AS-path prepending is an example of one such use of route maps, as is the implementation of community string controlled local preference. Using a route map, you can lable routes you receive with special community strings so that you can modify the metrics, or filter the routes before announcing them.
A route map consists of the route map statement permitting or denying all routes matching the list it calls. Each route map statement contains a number.
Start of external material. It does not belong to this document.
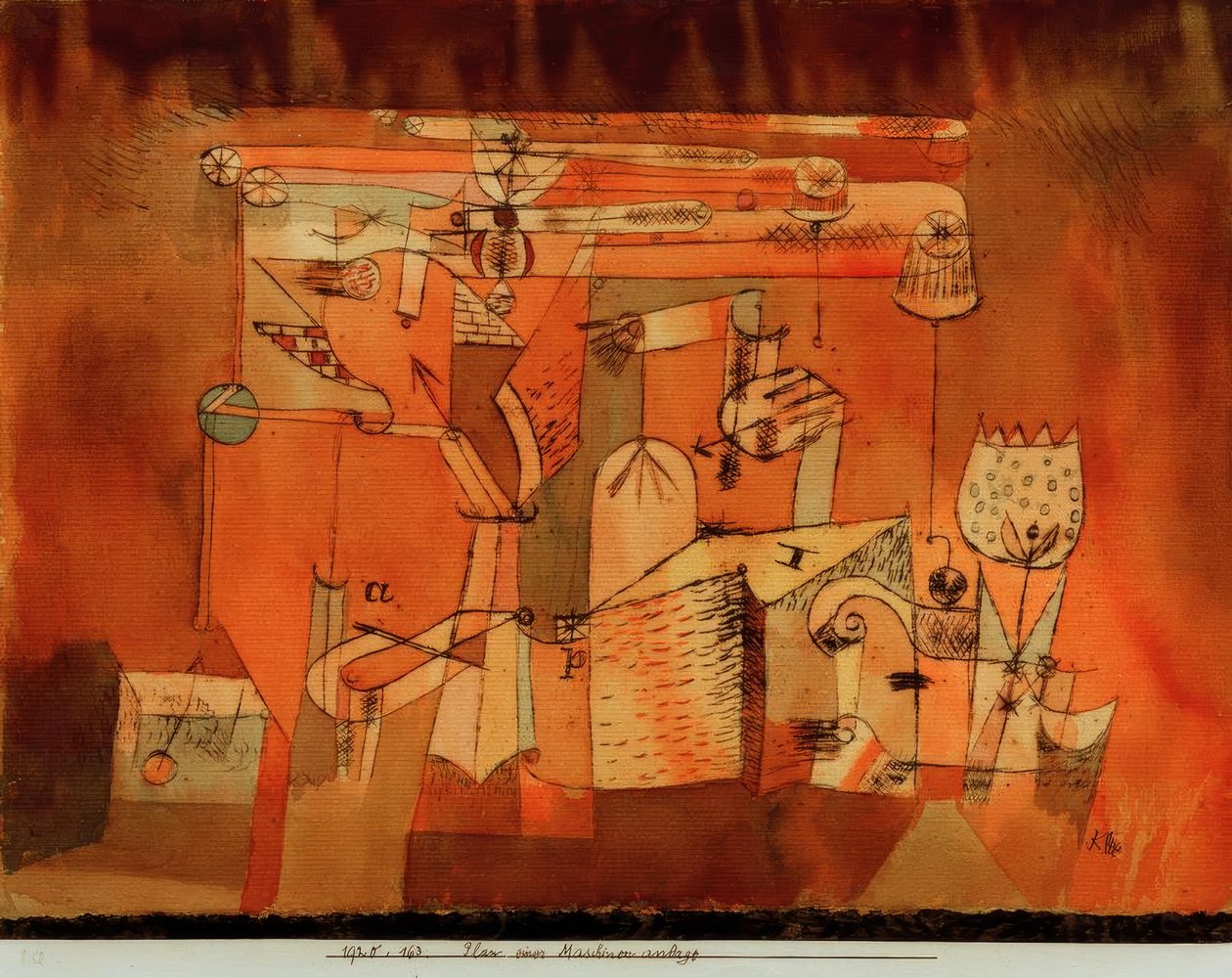 Plan over et maskinanlegg av Paul Klee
These numbers are used to place the steps of the route map in order.
For example:
route-map NAME permit 10

 match access-list 22
 set community 701:666

!
route-map NAME permit 20
 match prefix-list NO-GO
 set metric 20000000

!
route-map NAME deny 30
 match community 41
WHAT YOU CAN MATCH
You can match on any of the following list types:
LIST TYPE
COMMAND
MATCHES BY
access-listmatch ip addressIP address
prefix-listmatch prefix
IP address
as-path-access-listmatch as-pathAS-path
community-listmatch communityCommunity String

You can also match on the following:
  • Interface
  • NEXT_HOP
  • route-source
  • metric
  • route-type
  • tag
WHAT YOU CAN SET
You can set any of the following metrics and attributes:
  • LOCAL_PREF (affects routes within the AS)
  • NEXT_HOP
  • AS_PATH (prepend routes or modify the path)
  • Multi Exit Discriminator (MED) (Affect the route an external AS uses to enter your network)
  • Community strings (lable a route)
HOW A ROUTE MAP WORKS
ROUTE MAP <NAME> PERMIT nn
A route that meets the route map's MATCH criterion will have all SET commands applied to the route's metrics or attributes. The lists called by the MATCH statements can have PERMIT or DENY commands. Items matching the PERMIT statement will be SET, items matching a DENY will not be SET.
ROUTE MAP <NAME> DENY nn
A route not matching some line in the lists this route map's MATCH statements call will be permitted. The route map will exit to begin again and evaluate the next route.